• **What this task involves**
What is expected is a word-for-word copy of all the entries.

• **Items from a data source**
((
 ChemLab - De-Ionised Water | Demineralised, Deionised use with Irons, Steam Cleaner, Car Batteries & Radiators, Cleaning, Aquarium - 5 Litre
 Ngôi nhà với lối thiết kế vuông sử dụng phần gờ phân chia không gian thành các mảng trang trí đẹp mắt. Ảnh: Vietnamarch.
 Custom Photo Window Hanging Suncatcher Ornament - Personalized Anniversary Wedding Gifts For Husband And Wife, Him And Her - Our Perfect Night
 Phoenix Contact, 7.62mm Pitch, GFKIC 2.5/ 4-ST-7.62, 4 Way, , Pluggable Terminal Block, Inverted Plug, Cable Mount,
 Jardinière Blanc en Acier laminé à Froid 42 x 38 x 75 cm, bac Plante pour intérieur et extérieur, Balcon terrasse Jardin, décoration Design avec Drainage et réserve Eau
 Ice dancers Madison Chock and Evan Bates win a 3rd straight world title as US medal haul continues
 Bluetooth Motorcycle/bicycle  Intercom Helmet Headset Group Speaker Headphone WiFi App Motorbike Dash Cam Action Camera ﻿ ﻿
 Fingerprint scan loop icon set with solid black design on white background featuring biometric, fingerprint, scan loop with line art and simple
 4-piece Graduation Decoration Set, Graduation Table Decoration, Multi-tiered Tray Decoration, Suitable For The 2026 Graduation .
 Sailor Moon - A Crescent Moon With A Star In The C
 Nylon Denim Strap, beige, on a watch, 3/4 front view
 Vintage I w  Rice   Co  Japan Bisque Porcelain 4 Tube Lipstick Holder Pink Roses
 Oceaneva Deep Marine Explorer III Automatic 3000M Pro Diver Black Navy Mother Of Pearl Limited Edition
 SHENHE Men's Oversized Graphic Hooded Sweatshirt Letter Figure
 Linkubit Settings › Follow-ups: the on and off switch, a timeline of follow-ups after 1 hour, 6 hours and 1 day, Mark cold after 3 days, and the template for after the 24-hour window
))
• **Exercise result**
 ChemLab - De-Ionised Water | Demineralised, Deionised use with Irons, Steam Cleaner, Car Batteries & Radiators, Cleaning, Aquarium - 5 Litre
 Ngôi nhà với lối thiết kế vuông sử dụng phần gờ phân chia không gian thành các mảng trang trí đẹp mắt. Ảnh: Vietnamarch.
 Custom Photo Window Hanging Suncatcher Ornament - Personalized Anniversary Wedding Gifts For Husband And Wife, Him And Her - Our Perfect Night
 Phoenix Contact, 7.62mm Pitch, GFKIC 2.5/ 4-ST-7.62, 4 Way, , Pluggable Terminal Block, Inverted Plug, Cable Mount,
 Jardinière Blanc en Acier laminé à Froid 42 x 38 x 75 cm, bac Plante pour intérieur et extérieur, Balcon terrasse Jardin, décoration Design avec Drainage et réserve Eau
 Ice dancers Madison Chock and Evan Bates win a 3rd straight world title as US medal haul continues
 Bluetooth Motorcycle/bicycle  Intercom Helmet Headset Group Speaker Headphone WiFi App Motorbike Dash Cam Action Camera ﻿ ﻿
 Fingerprint scan loop icon set with solid black design on white background featuring biometric, fingerprint, scan loop with line art and simple
 4-piece Graduation Decoration Set, Graduation Table Decoration, Multi-tiered Tray Decoration, Suitable For The 2026 Graduation .
 Sailor Moon - A Crescent Moon With A Star In The C
 Nylon Denim Strap, beige, on a watch, 3/4 front view
 Vintage I w  Rice   Co  Japan Bisque Porcelain 4 Tube Lipstick Holder Pink Roses
 Oceaneva Deep Marine Explorer III Automatic 3000M Pro Diver Black Navy Mother Of Pearl Limited Edition
 SHENHE Men's Oversized Graphic Hooded Sweatshirt Letter Figure
 Linkubit Settings › Follow-ups: the on and off switch, a timeline of follow-ups after 1 hour, 6 hours and 1 day, Mark cold after 3 days, and the template for after the 24-hour window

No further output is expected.